Dataset entries
■ ■ ■

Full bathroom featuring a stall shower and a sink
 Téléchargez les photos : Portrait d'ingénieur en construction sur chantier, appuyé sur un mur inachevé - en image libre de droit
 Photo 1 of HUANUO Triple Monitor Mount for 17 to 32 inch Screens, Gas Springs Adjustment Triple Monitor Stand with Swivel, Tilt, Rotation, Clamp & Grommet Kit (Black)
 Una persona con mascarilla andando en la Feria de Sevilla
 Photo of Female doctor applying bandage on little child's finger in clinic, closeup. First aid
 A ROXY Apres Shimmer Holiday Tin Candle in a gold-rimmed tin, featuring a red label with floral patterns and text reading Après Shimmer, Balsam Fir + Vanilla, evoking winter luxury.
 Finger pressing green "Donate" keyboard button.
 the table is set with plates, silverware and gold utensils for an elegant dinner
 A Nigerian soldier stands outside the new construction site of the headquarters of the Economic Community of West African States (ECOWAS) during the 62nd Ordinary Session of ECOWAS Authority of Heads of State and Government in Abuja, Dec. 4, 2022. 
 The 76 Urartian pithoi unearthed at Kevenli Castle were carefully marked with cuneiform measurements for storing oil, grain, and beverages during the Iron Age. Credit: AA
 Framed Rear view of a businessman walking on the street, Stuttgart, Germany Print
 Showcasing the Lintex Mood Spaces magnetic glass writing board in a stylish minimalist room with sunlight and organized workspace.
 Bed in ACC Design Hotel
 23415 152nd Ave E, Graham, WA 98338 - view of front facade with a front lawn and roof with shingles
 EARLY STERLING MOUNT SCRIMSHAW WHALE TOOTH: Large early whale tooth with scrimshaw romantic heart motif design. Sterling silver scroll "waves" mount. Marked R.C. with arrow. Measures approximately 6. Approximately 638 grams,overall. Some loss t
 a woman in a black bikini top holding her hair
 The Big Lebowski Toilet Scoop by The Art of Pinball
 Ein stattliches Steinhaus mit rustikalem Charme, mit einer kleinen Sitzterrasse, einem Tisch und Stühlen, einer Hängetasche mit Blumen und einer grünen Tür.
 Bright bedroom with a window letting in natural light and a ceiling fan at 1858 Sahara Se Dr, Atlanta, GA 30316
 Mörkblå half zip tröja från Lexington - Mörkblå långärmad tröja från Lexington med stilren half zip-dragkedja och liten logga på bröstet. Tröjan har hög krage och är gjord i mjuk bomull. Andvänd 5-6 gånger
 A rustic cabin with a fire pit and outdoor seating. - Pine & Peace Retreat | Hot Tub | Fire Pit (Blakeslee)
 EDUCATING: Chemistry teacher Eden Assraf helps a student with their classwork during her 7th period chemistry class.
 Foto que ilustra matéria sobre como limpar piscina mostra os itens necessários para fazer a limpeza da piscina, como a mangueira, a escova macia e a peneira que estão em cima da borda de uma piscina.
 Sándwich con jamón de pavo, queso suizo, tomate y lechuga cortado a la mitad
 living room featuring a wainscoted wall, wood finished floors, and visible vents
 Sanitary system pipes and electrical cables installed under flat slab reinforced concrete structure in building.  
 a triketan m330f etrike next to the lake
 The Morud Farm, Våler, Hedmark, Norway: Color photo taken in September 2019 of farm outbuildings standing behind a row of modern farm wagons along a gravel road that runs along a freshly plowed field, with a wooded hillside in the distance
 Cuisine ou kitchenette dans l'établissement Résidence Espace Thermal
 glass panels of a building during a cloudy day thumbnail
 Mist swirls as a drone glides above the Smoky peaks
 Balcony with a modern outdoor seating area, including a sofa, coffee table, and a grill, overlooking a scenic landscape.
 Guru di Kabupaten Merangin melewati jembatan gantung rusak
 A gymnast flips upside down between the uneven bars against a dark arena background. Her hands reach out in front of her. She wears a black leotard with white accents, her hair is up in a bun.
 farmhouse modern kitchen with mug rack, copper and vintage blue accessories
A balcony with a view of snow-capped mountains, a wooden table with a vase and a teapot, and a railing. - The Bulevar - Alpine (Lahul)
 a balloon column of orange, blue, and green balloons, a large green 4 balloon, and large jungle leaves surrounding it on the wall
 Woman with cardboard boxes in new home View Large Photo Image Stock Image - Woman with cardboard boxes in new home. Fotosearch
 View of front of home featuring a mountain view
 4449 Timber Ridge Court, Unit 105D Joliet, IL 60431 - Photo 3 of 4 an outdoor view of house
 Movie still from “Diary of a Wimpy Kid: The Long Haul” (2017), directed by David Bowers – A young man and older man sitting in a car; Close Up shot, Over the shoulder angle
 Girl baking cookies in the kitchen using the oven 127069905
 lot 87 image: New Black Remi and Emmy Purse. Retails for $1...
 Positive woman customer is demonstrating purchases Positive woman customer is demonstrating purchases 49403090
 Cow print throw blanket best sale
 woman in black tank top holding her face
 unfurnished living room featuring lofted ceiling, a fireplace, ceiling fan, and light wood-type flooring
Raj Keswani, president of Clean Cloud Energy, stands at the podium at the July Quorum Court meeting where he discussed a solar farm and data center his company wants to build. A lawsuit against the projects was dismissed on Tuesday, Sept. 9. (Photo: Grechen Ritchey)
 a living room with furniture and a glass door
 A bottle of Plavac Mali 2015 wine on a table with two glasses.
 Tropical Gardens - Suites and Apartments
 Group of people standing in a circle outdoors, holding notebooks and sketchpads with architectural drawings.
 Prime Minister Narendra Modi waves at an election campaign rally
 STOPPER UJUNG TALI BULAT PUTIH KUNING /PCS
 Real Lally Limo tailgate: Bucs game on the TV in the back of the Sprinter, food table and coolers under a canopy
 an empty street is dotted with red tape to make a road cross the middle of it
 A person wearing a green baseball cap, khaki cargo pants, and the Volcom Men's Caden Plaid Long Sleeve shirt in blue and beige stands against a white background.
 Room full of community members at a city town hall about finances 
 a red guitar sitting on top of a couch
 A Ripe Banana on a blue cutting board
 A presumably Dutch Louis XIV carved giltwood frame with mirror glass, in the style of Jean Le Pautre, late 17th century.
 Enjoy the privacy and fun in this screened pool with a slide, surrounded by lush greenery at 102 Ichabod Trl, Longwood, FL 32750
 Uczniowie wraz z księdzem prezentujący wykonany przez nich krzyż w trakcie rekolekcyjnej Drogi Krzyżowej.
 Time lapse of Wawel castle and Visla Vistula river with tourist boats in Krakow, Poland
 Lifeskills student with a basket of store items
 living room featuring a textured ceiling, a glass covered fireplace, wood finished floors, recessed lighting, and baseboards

■ ■ ■

_Assigned task_.
Take exactly the lines from the one containing "Tropical Gardens - Suites and Apartments" through the one containing "an empty street" in the data above, and output them with nothing added.

_Task result_.
 Tropical Gardens - Suites and Apartments
 Group of people standing in a circle outdoors, holding notebooks and sketchpads with architectural drawings.
 Prime Minister Narendra Modi waves at an election campaign rally
 STOPPER UJUNG TALI BULAT PUTIH KUNING /PCS
 Real Lally Limo tailgate: Bucs game on the TV in the back of the Sprinter, food table and coolers under a canopy
 an empty street is dotted with red tape to make a road cross the middle of it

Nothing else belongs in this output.